I wander the passage between shelves, periodically calling for Christian. He doesn’t answer. Books are piled in haphazard stacks along the sides and I have to be careful not to bump into them. I get the feeling that if I knock over a stack and half a dozen come open at once, not even my speedy freeze-framing will be able to keep up with all that comes out. I open a few more books along the way, curiosity and me being best buds and all. One puffs out acrid smoke the sec I lift the cover, making me sneeze, and I slam it shut again. Another has fat brown spiders with hairy legs that spring from the pages! I squash the ones that make it out. Yet another has videos instead of words but the images are so alien I can’t make sense of them.
I find a little mini-laboratory amid the stacks, covered with petri-like-dishes and stoppered bottles and jars. “Christian!” I call again as I study the contents visible through thick wavy glass.
I get a reply this time but it’s so far away I can’t make it out.
“Dude, unless you’re finding something, this is a total waste of time! I’d rather be back in Dublin, investigating.”
“Hang on, lass,” comes his far-away reply. “I think I’m onto something.”
One of the stoppered bottles has a dab of crimson at the bottom. I pick it up and turn it in my hand, watching the crimson liquid ripple. Rainbow colors skitter across the surface in kaleidoscopic designs. It’s so beautiful I almost can’t take my eyes off it. I turn the bottle upside down and study the label on the bottom. No clue what the glyphlike symbols mean. As I turn the bottle back upright, I must have nudged the stopper a little because I get a whiff of the scent of its contents and it’s like sticking your nose right up into heaven. It’s night jasmine and fresh-baked bread, homemade fish and chips and salt air, it’s the smell of my mom’s neck, fresh-washed pjs, and sunshine on Dancer’s skin. It’s the scent of all my favorite things rolled up into one. I swear my hair lifts on the breeze of it. I groan and pull out a candy bar, abruptly ravenous.
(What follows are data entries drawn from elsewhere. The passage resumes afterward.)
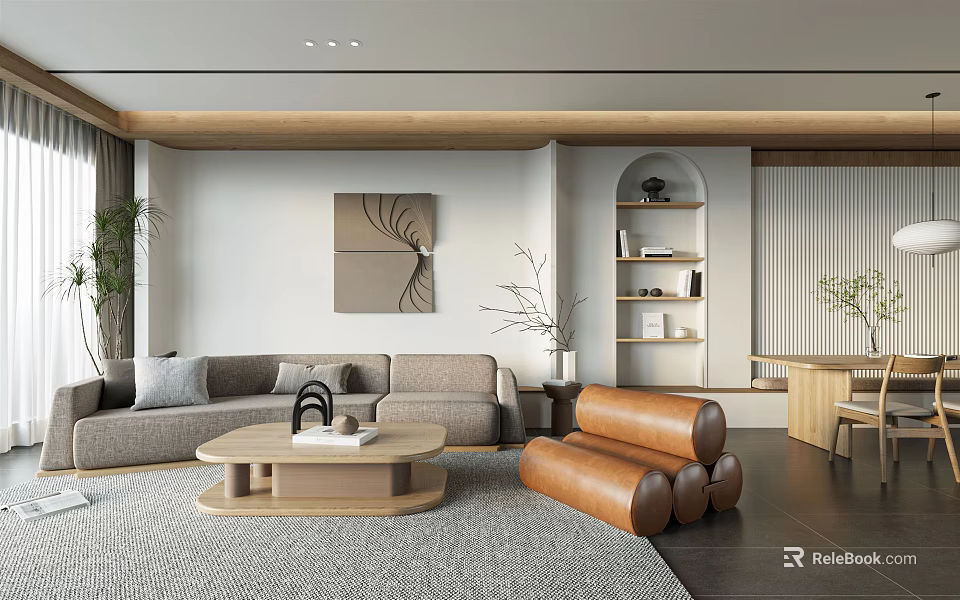 Modern Living and Dining Room Interior With Sofa Coffee Table And Decorative Painting 3d model 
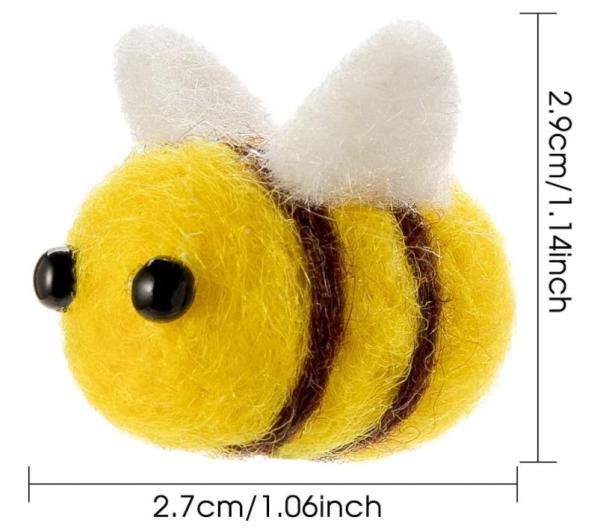 2.7*2.9 Inch Wool Felt Craft Bumble Bee For Jewelry Accessory
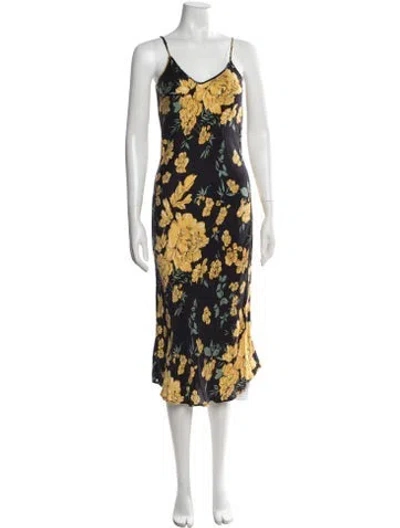 Pre-owned Silk Laundry Silk Midi Length Dress In Multicolor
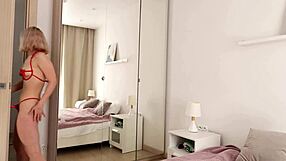 Blonde neighbor loses anal virginity in red lingerie riding rough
There’s curiosity and there’s cats.
You’d think I’d learn.
I unplug the bottle while I chew.
THIRTY
In the court of the crimson king hag
“What the hell is that smell?” Christian says.
“Fecking awesome, isn’t it?” I say dreamily. Crimson smoke swirls in the glass bottle, poking tentative tendrils at the rim. The amazing aroma fills the library, making me giddy. I want to stretch out, fold my arms behind my head, be lazy and bask in the fragrance. I want to share it with Dancer. I’ve never smelled anything so scrumptious.
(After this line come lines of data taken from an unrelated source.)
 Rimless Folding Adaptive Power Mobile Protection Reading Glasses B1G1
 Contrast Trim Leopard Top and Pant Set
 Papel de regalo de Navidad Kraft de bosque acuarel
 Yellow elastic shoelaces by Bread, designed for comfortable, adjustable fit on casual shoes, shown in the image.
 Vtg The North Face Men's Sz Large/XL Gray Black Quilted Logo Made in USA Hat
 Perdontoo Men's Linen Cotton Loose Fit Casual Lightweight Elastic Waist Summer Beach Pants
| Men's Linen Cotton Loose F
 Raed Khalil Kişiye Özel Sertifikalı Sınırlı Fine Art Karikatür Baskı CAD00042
“Bloody fucking noxious,” he says from much nearer than he’s been in a while.
“How can you say that?”
“Because it is.”
Crimson strands puff from the bottle and swirl above it. After a moment they begin to dart toward each other, circle around and dart back, slender red strands knitting themselves into a smoky shape.
“Dude, it smells like heaven! There’s something wrong with your nose. Maybe you only like Unseelie smells now.” I can’t wait to see what awesome thing comes out of this!
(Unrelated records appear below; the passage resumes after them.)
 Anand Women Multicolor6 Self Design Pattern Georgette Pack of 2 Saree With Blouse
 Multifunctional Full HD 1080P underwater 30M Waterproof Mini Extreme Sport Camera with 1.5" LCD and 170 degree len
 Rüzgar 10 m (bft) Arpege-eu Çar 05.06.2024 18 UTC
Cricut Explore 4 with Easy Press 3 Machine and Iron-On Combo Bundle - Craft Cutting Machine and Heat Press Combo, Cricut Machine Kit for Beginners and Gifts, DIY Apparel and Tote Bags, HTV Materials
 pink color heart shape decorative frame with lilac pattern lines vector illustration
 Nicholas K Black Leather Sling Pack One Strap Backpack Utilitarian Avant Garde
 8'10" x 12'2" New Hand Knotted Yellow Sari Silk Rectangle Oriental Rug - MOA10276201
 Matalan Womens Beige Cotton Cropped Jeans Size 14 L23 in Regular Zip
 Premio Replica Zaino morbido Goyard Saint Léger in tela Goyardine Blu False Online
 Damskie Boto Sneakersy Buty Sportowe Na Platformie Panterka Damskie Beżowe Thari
“It smells,” he says from directly above me, “like rotting intestines. What did you open? A book?” He drops down beside me, carrying a stack of books beneath his arm. I’m glad to see he found something. “A bottle? Christ, lass, you can’t be randomly unplugging bottles in this place! Give me that. Let’s see what you’ve done.”
The hint of a face is forming in the crimson smoke; delicate, pointy chin, enormous eyes slanted up at the corners. I try to turn my head to look at Christian but my head isn’t taking orders. It’s stuck, still staring at the materializing face. I can’t force myself to look away no matter how hard I try. It’s got me mesmerized. I’ve never seen a face so beautiful, smelled a smell so good. I want to stand in the middle of it and breathe it deep into my lungs.
When he plucks the bottle from my hand, the spell is broken. When he turns it on its side to read the label on the bottom, a cloud of crimson smoke gushes out, obscuring the passageway between the shelves. Tendrils lick at me, rough as tiny cat tongues.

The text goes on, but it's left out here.